While both of these fields were progressing separately, in the last few years, interest has been shown in running deep learning models on IoT devices to reduce latency and to increase system resilience and security. This computing paradigm where networks are run at the place where data is generated (IoT devices) is known as edge computing or TinyML.
TinyML devices are small, meaning that they have less memory and computational power. This means that standard deep learning models which are large, computationally expensive and often require GPUs to execute cannot be deployed on to them. Instead, TinyML models need to occupy less memory and require less operations to execute so that we can get results from them quickly.

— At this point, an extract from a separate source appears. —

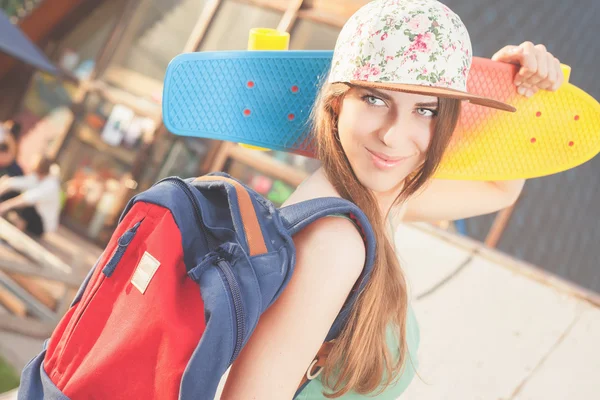 Fashion skateboarder giovane donna con uno skateboard — Foto Stock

Many techniques have been invented to scale down and optimize large models so that they can be deployed to TinyML devices. However, since TinyML is still a niche and nascent field, most of these optimization techniques and algorithms are published as research papers and not accessible to hobbyists or industry professionals. While some algorithms are implemented in a few popular deep learning frameworks, they are not standardized between frameworks or cannot be configured easily. This means that a model trained in a framework like Pytorch, cannot use TFlite’s quantization or interpreter when deploying to a TinyML device.

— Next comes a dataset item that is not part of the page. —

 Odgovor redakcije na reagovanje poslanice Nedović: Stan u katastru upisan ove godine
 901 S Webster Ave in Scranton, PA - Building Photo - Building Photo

ScaleDown is an Open-Source Neural Network Optimization framework which aims to reduce the difficulty in optimizing and deploying models to TinyML devices. We do this while providing a framework agnostic API that supports commonly used deep learning frameworks. As new optimization techniques are invented, we study them and add their implementation to our framework so that hobbyists, researchers and industry practitioners can use them in their projects. Finally, at ScaleDown, we believe in progressing the field by doing research, giving free education and training budding hardware and software engineers in TinyML. To that end, we conduct study groups and workshops, publish blogs and are working on two free TinyML books.